LOBO: Fala sério, né, dona bruxa. Você acreditou mesmo que os lobos devoram as vovozinhas? Você acha que ela, com todo aquele tamanho, caberia na barriguinha malhada deste lobinho aqui? Fala sério... Depois, só gostamos de carne nova.

BRUXA: Tá bem, tá bem. Acho que tenho o que vocês precisam. É uma coisa que já usei uns tempos atrás e funcionou muito bem. Olhem (mostra uma maçã). É uma maçã enfeitiçada. Usei ela pra enfeitiçar uma linda moça, uns tempos atrás. É só a vovozinha comer um pedacinho desta maçã, que irá dormir profundamente e só vai acordar se um príncipe beijá-la. Como estamos em falta de príncipes hoje em dia, ela vai dormir pra sempre...ahahahahah.

LOBO: (pega a maçã). Obrigado, dona bruxa. Quando eu pegar a cesta, venho trazer uma parte dos doces para a senhora. Outra coisa, preciso chegar na casa da vovó antes de Chapeuzinho Vermelho. Se formos andando, não chegaremos, pois a menina saiu bem antes que nós.

BRUXA: Tome, subam em minha vassoura. Ela vai levar vocês voando para a casa da vovó. (os dois sobem e, depois de alguns tombos, a bruxa diz:).

BRUXA: Ei, ei, faltou uma coisa.
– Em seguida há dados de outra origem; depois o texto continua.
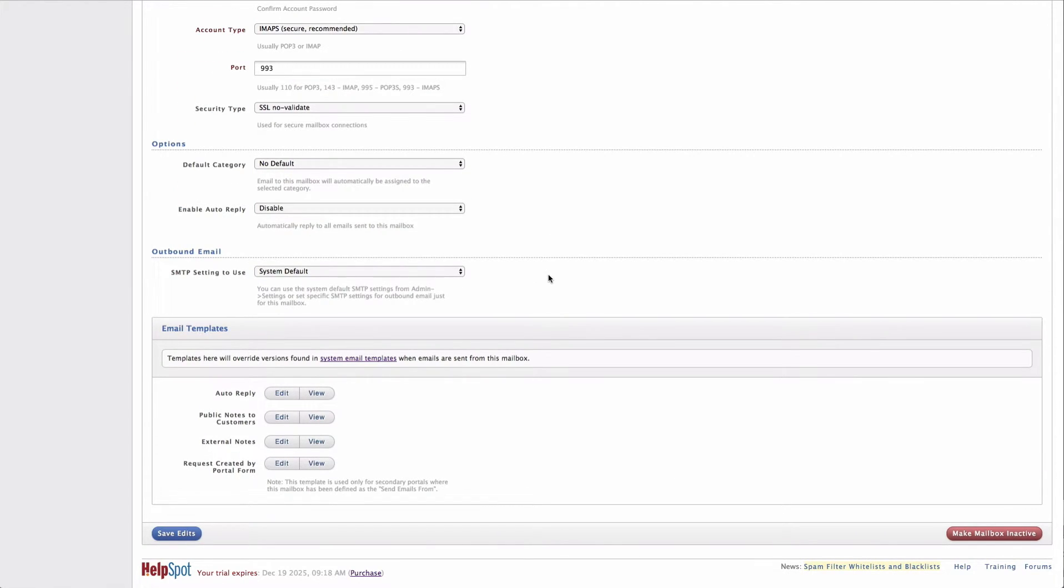Now underneath the connection settings, I have another set of settings that are going to control what HelpSpot does with the email it receives from this mailbox.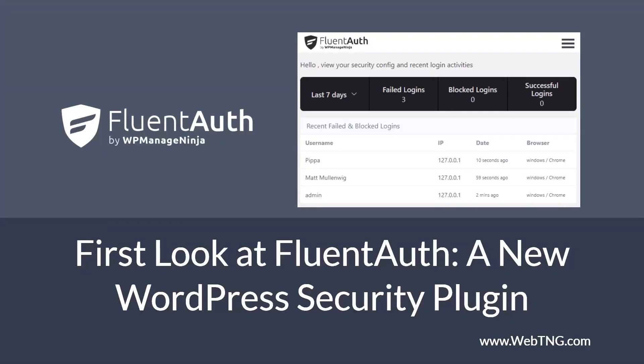Hi, this is David McCam for WebTNG. This video is a first look at a free WordPress security plugin called FluentAuth.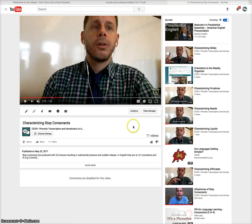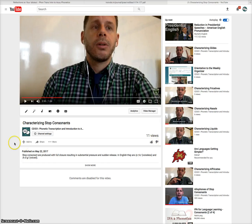Here's a video that I've already done. I've already put it in YouTube and I've set it to public, which allows me to embed it.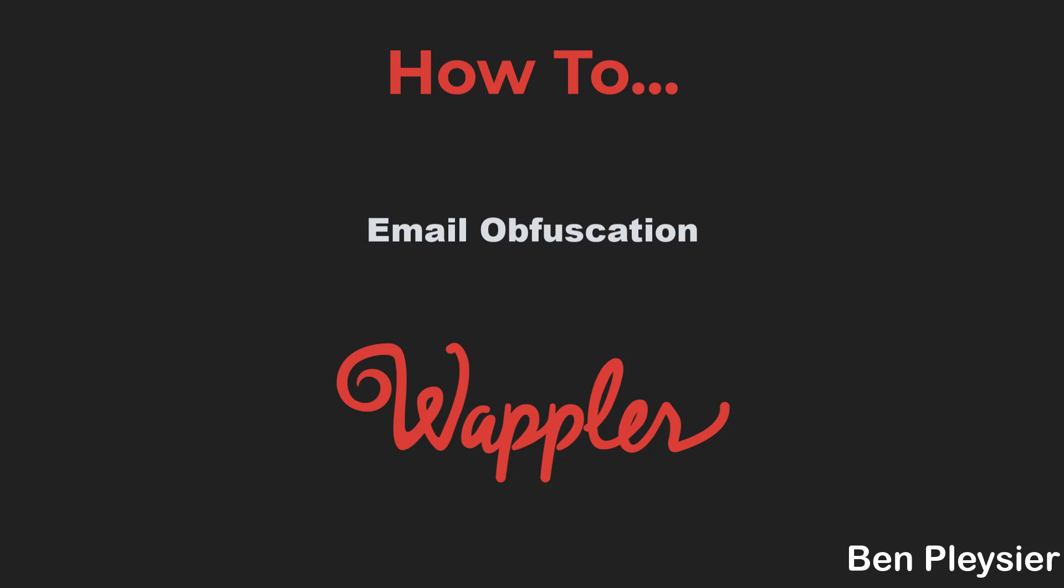Hi, my name is Ben Plesier and with this video I will show you an easy way to obfuscate your email address.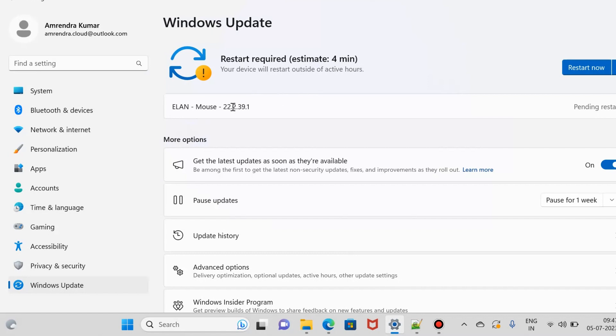And that driver already showing that ELAN Mouse 22.2.39.1. So, which we had to install the driver using the restart.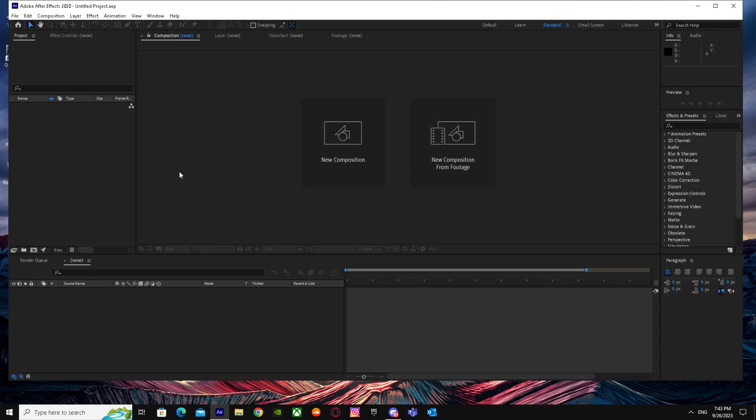That's basically it on how you can import MKV files in After Effects. I hope I helped you guys out. Peace.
Vocês precisam me pagar adiantado pela maçã e pela vassoura.

LOBO: Mas, dona bruxa, ainda não pegamos os doces.

BRUXA: Então, seu lobo, eu já sei com o que você vai me pagar. Eu adoro mingau. Você vai me dar o lobinho para eu fazer mingau.

LOBO: O lobinho? Claro, dona bruxa, claro... claro que não, né? A senhora tá ficando louca.
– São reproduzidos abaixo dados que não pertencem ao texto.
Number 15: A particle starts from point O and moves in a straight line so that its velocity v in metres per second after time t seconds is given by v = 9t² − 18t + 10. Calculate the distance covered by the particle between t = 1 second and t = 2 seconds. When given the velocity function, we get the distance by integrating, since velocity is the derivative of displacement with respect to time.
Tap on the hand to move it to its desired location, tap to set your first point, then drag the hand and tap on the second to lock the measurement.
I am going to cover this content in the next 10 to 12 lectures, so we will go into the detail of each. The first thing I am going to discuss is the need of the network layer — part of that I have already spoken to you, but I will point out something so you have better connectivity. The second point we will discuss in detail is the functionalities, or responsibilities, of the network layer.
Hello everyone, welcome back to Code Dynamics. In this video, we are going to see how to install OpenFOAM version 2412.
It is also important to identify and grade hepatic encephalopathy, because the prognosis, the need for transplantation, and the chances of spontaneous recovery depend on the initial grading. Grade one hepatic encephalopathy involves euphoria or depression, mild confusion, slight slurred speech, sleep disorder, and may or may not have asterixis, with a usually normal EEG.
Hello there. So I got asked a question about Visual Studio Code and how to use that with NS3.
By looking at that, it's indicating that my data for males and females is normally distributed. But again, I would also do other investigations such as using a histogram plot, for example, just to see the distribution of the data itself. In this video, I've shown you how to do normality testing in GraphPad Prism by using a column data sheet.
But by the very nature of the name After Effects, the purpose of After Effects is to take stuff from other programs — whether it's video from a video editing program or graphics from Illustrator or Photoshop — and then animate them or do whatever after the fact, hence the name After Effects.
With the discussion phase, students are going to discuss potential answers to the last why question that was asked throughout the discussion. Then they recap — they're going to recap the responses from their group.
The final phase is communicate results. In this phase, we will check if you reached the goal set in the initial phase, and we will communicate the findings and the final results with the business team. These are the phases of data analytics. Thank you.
BRUXA: Agora é tarde. Eu mesma vou pegá-lo.
(Começam a correr um atrás do outro. Caem vários tombos. A bruxa cai e fica enroscada em alguma coisa. O lobo e o lobinho aproveitam a oportunidade, montam na vassoura e saem. A bruxa fica praguejando e sai em seguida).

(Entra a mãe e o caçador)

MÃE: Chegamos na casa da vovó e nem sinal da minha filha. Será que ela desobedeceu e veio pela floresta?
CAÇADOR: Vamos fazer o seguinte, a senhora entra e fica com a vovó que eu vou voltar pela floresta, pra encontrar sua filha (sai)
MÃE: Vovó...vovó... Ué, será que a vovó saiu? A porta está aberta. Vou entrar e esperar a vovó voltar (entra)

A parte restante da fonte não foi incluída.